Britain, which goes to the polls later this year, also faces its own political challenges, with the Conservative Party criticised for undermining Britain’s proudest assets like the BBC, the National Health Service (NHS), and British Rail. With Prime Minister Rishi Sunak’s current opponent in the Labour Party, the far-right Keir Starmer, voters have little to choose from, and the prospects are that Britain is hurtling towards a socio-economic crisis. Additionally, the regime’s plan to deport asylum seekers to Rwanda also looms.
Russia too has elections this year, but its fate is more or less sealed: it will continue to be an authoritarian system with farcical elections intervening. This need not have been the case. In the mid-1980s, with the rise of Mikhail Gorbachev and his talk of reforms, another trajectory for the former Soviet Union seemed possible, but an attempted coup, Gorbachev’s ouster, the rise of Boris Yeltsin, and the authoritarian Vladimir Putin after him have upended Russians’ democratic aspirations. Putin has continuously held office as prime minister or president since 1999, and institutions have suffered so much under him that even after his departure, Russia is unlikely to turn democratic for long.
As for Pakistan’s February 8 election, the “establishment,” meaning the powerful army, seems to have already picked the winner, in former PM Nawaz Sharif.
On January 13, Taiwan again elected a leader of the pro-independence Democratic Progressive Party (DPP) as President. William Lai Ching-te takes over from DPP stalwart Tsai Ing-wen, during whose eight-year term, Taipei-Beijing relations suffered. However, China’s reaction to her successor’s election has been muted, perhaps thanks to the sluggish Chinese economy. President Xi Jinping having bitten off more than he could chew during his unprecedented third term, and also the need to maintain good ties with the United States—Taiwan’s main backer—during a time of global turbulence.
Indonesia goes to the polls on February 14, with the real risk of Prabowo Subianto, son-in-law of the late president Suharto, getting elected and raising the possibility of a deep slide as regards human rights, given the duo’s genocidal pasts.
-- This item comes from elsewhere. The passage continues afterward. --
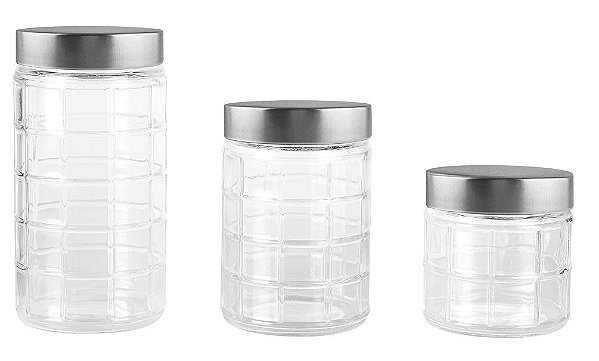 JG 3 PORTA MANTIMENTOS EM VIDRO COM TAMPA 880ML/1,2L/1,7L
Israel ought to have elections to choose a successor to the corrupt Prime Minister Benjamin Netanyahu, who failed to forestall the October 7 attack. But by his own admission, he plans to prolong genocidal attacks against the Palestinians “for months”, thereby attempting to ensure that his “war cabinet” persists in its settler-colonial Apartheid policies in Gaza and the West Bank.
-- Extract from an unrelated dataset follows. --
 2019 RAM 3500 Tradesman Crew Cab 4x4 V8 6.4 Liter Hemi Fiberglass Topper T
Meanwhile, IMF Managing Director Kristalina Georgieva has predicted that 2024 will be “very tough” for fiscal policy, especially for countries holding elections.
“This is going to be a very tough year because fiscal policy has to rebuild buffers and deal with the debt that was accumulated in many countries,” the IMF chief told the media recently. “About 80 will hold elections, and we know what happens with pressure on spending during election cycles,”
she said, hinting at the potential undermining of anti-inflation measures.